1.        In advance of the fight, agree on a word, phrase or hand signal that acknowledges things have escalated. Make it personal to you but as simple as possible. Nothing derogatory (so, no, you can’t use that hand signal).

2.        Also in advance, decide on your time out period. It takes at least twenty minutes to come out of fight and flight mode but for many people it’s much longer. The break shouldn’t be longer than 24 hours, though, because we don’t want anyone feeling abandoned.

3.        Having agreed your break (20 minute – 24 hours), try and do something in that time that soothes you. Where possible don’t ruminate on the fight or plan your retaliation, instead acknowledge that you feel dysregulated and see what you can do to calm your nervous system.
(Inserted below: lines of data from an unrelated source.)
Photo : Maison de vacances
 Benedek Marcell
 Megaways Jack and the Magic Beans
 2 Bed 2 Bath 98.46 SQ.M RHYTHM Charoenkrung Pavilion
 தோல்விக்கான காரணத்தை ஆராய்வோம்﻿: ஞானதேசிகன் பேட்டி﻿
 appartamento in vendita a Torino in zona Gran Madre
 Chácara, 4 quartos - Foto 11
Watch TV, crochet, lift weights, walk the dog… provided it doesn’t involve anything mood altering like drink or drugs then it’s fine. Quick note on this: try as far as possible not to communicate during this break – and that definitely includes texting!

4.        Once your time out period is over, see if you can come back together willing to find out what emotions the fight brought up for your partner. Fights are always about emotional threat and never really about who lost the car keys or who forgot to load the dishwasher.